Friday, January 30, 2009

Web Service Orchestration without BPEL

In my project there is a requirement to call few web services in sequence and aggregate the responses and expose the functionality as a web service. There are quite many services with this required behavior. The initial solution was to use some BPEL engine, but the decision was put on hold due to various reasons and we were encouraged to whip up a light weight framework in java that suits our needs. This was indeed interesting and I was successful in designing and developing a embeddable and light weight orchestration framework in java. Following are some thoughts on the same -

Since, the framework is more or less chaining of web service calls, I decided to keep the flow of messages as XML inside the orchestration framework. Modeled the Orchestration as an XML pipeline. Chaining of web service calls needed transformation of response to that of the request of the next service and XSL has been choosen to transform the message formats. Quickly whipped up an XSLUtil based on Trax (Transformation API for XML). The next challenge was to invoke the webservices using XML data as request. I decided to go the XML way to avoid marshalling/unmarshalling of POJOs from/to XML. JAX-WS came handy here. JAX-WS comes with a nice feature called Dispatch that would allow invocation of web services using either a SOAP message or XML payload, the latter met my need. It didnt take much time to play with the Dispatch interface and to implement a generic utility. I had the core componenets ready in a very short span of time.
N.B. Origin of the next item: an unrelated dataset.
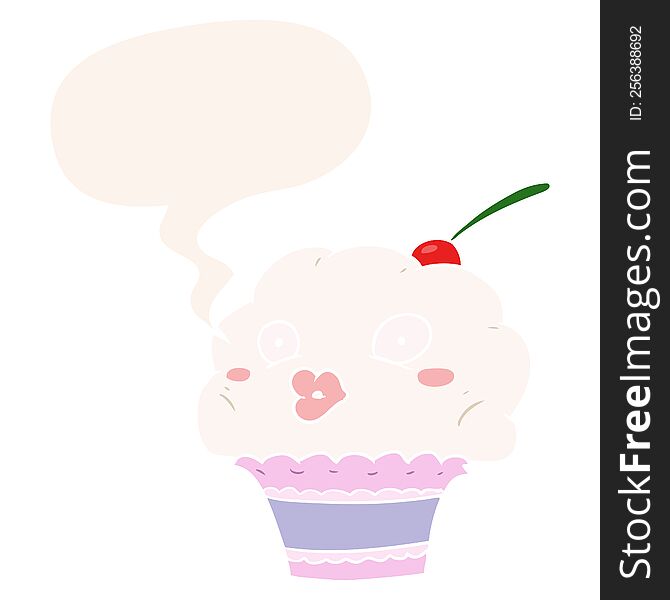Funny Cartoon Cupcake And Speech Bubble In Retro Style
The next step was to abstract the execution of these utilities, so defined the classes called *Action for transformation and invocation and made them configurable using a XML file and my little orchestration framework is ready. It also has a feature that reports the invocation trace along with the profiling information. However, this is just the beginning. There was an immediate need to add the branching, looping, assignment actions. Used JEXL for expression evaluation of branching and looping functions. And now, am thinking of adding some kind of a transition governance between the stages (using AspectJ) and add some kind of a compensation handlers to each stage. I'm also playing around with XTS of JBossTM to see if I can provide transaction recovery and make the web services transaction aware.

If you have any suggestions and ideas to improve the framework, write a comment.

4 comments:

Anonymous said...

Ravi, I am not sure if it's correctly explained in the blog. Is this a point to point WS communication? Looks like xml messagaes are created and dispatched from WS to another WS. not exactly a 'bus' oriented communication. How do you make the system aware of participating web-services meaning what is the discovery mechanism? and by transaction recovery part is it ok to assume that you are considering recovery of the communication failure ( payload recovery) ?

ravisk said...

Supradeep -
1. It is more of a web service orchestration - calling a number of web services in a particular sequence where the data from one servcie is required in the request of the subsequent one. You can say it is a kind of content based routing with message enrichment.
2. What exactly you mean by 'bus' oriented communication. The same orchestration can be done using ALSB/OSB.
3. There is no runtime discovery mechanism, it is compile time. The services are identifed to prior to orchestration of the service assembly.
4. Recovery is not in the context of communication failure. It is with regards to transaction.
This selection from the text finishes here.